### Exercise objective
The listing below should be written out word for word, with its pictures removed.

### Input data

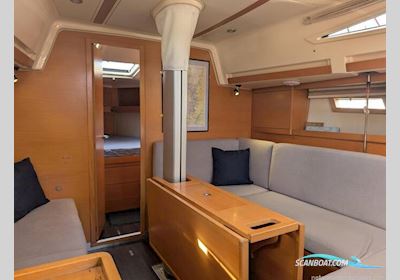 Elan Marine 410 Segelboot 2008, mit Volvo Penta D2-50 marine motor, England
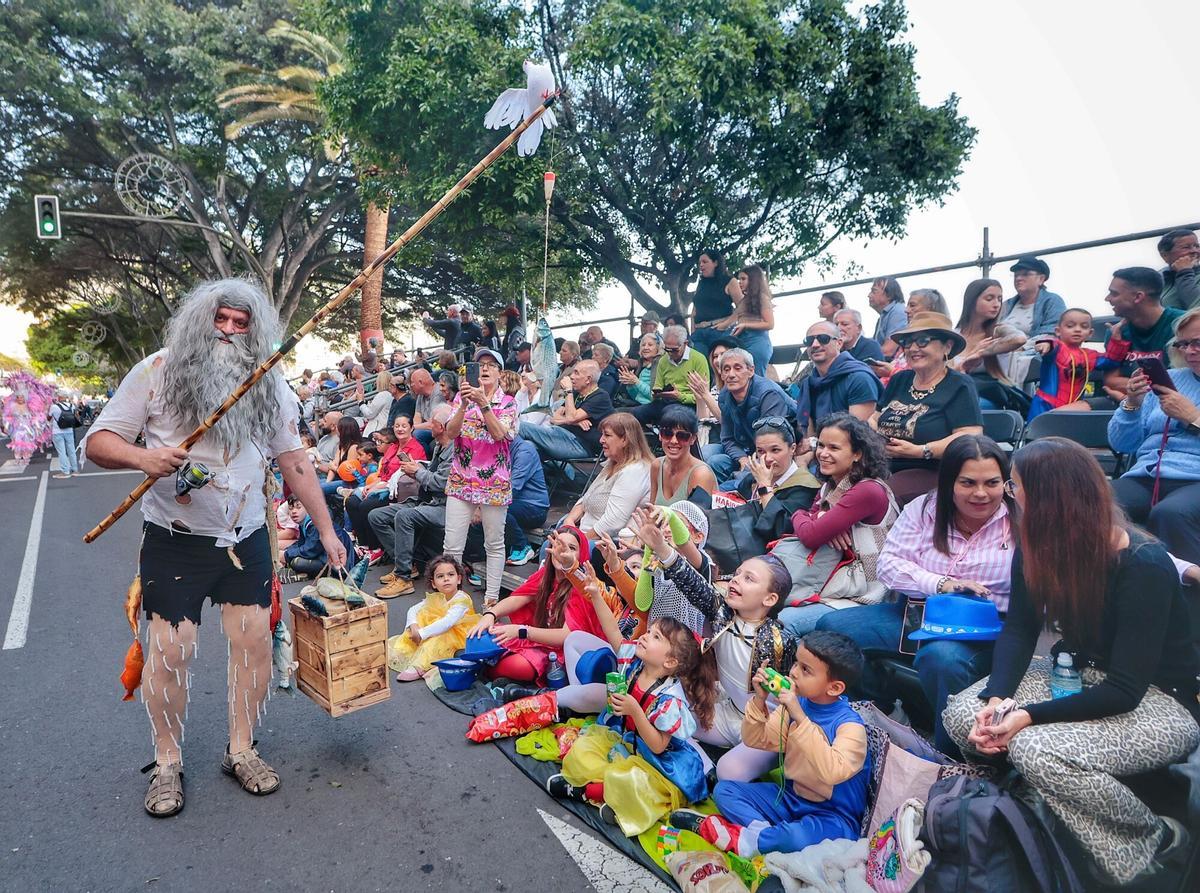 Coso del Carnaval de Santa Cruz de Tenerife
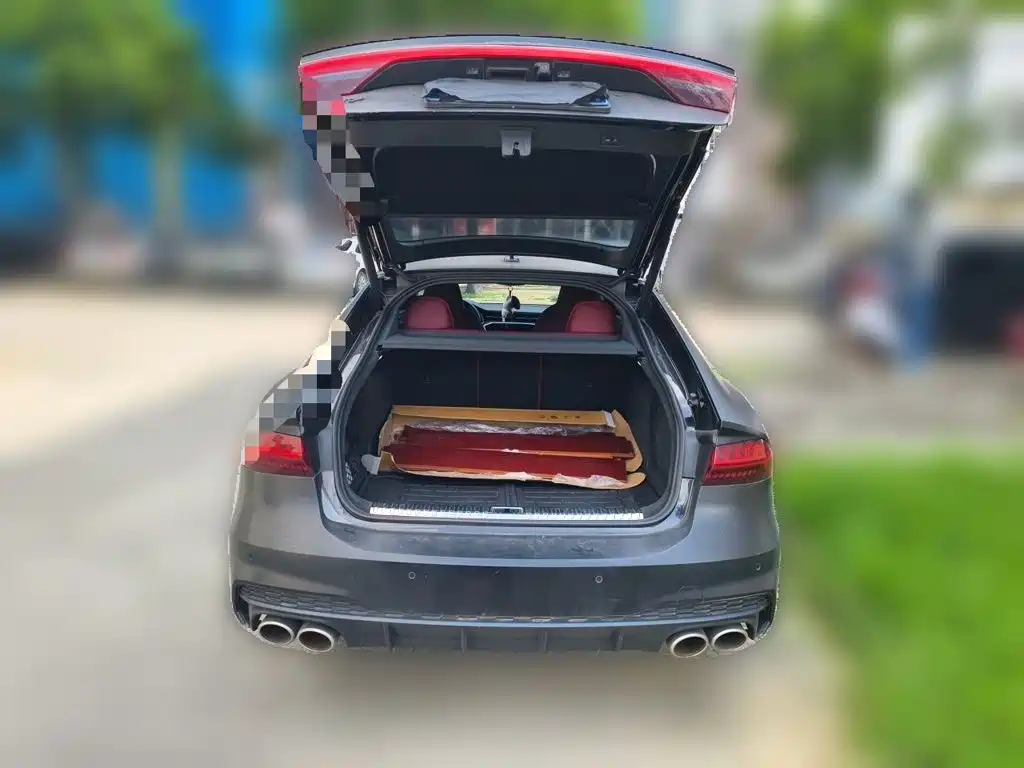 Audi S7 2022 2.9 TFSI quattro — фото 10
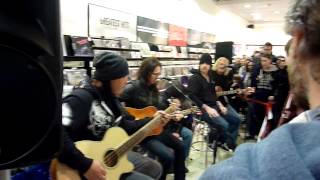 1 Black Star Riders The Killer Instinct acoustic
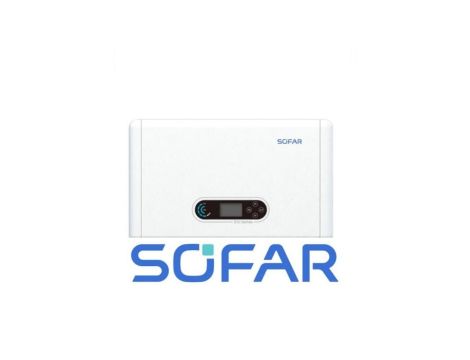 SOFAR PowerAll Inwerter hybrydowy ESI 3.68K-S1 1-Fazowy 2xMPPT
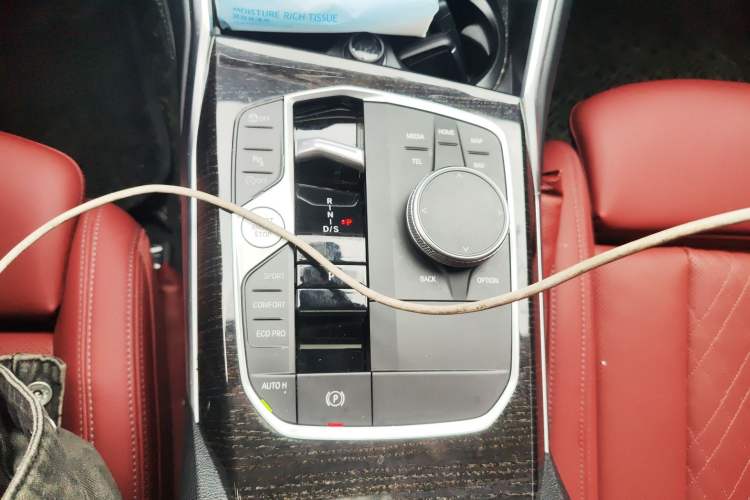 Used BMW 3 Series 2023 325Li M Sport Package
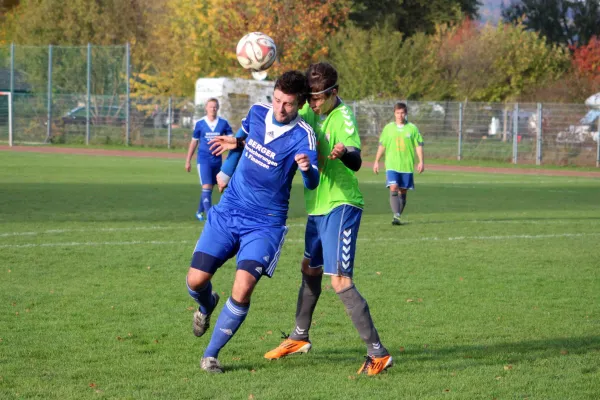 10. Spieltag: FC Thüringen Jena : SV Moßbach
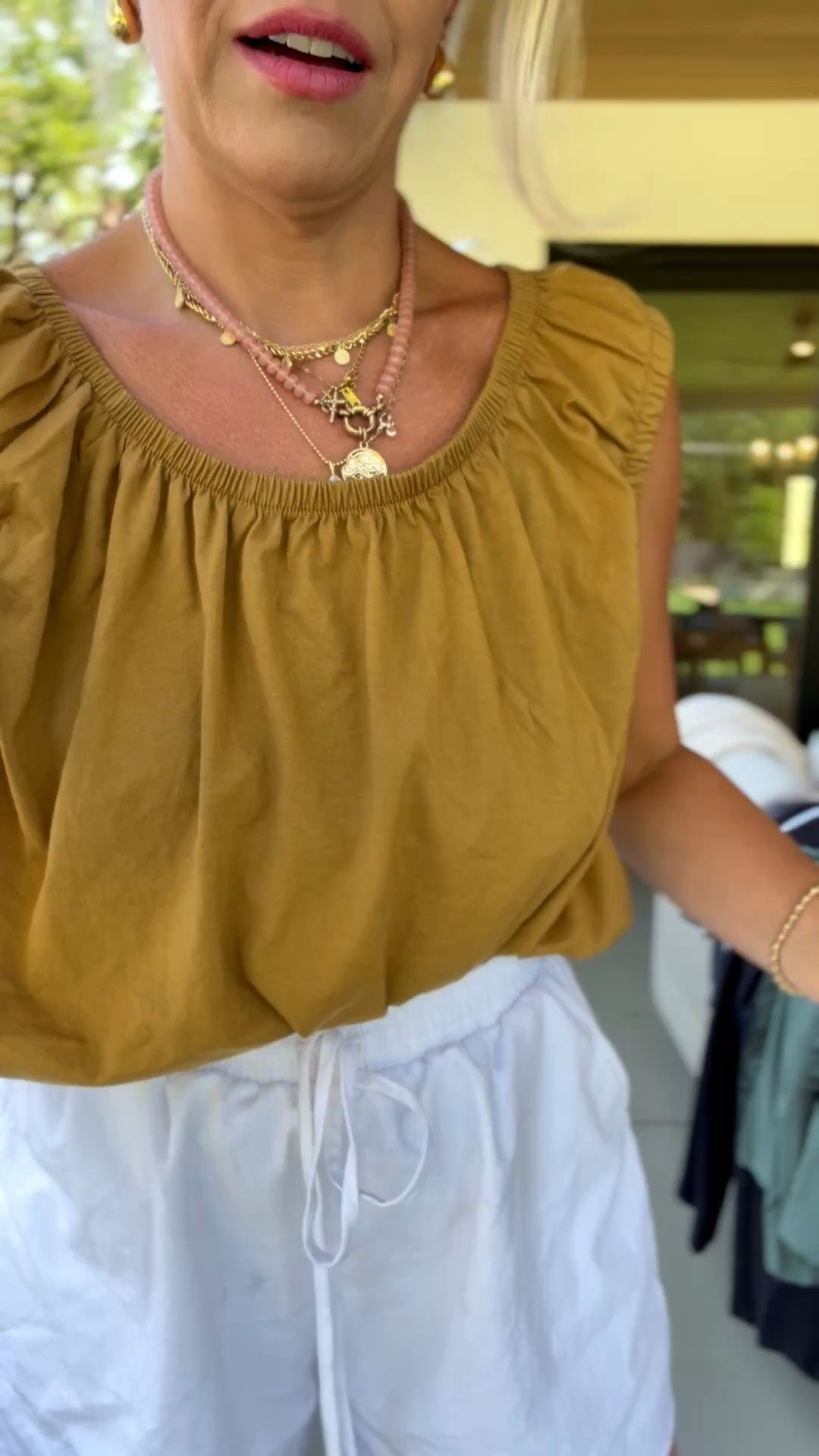 I did a size 0x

### Expected answer
 Elan Marine 410 Segelboot 2008, mit Volvo Penta D2-50 marine motor, England
 Coso del Carnaval de Santa Cruz de Tenerife
 Audi S7 2022 2.9 TFSI quattro — фото 10
 1 Black Star Riders The Killer Instinct acoustic
 SOFAR PowerAll Inwerter hybrydowy ESI 3.68K-S1 1-Fazowy 2xMPPT
 Used BMW 3 Series 2023 325Li M Sport Package
 10. Spieltag: FC Thüringen Jena : SV Moßbach
 I did a size 0x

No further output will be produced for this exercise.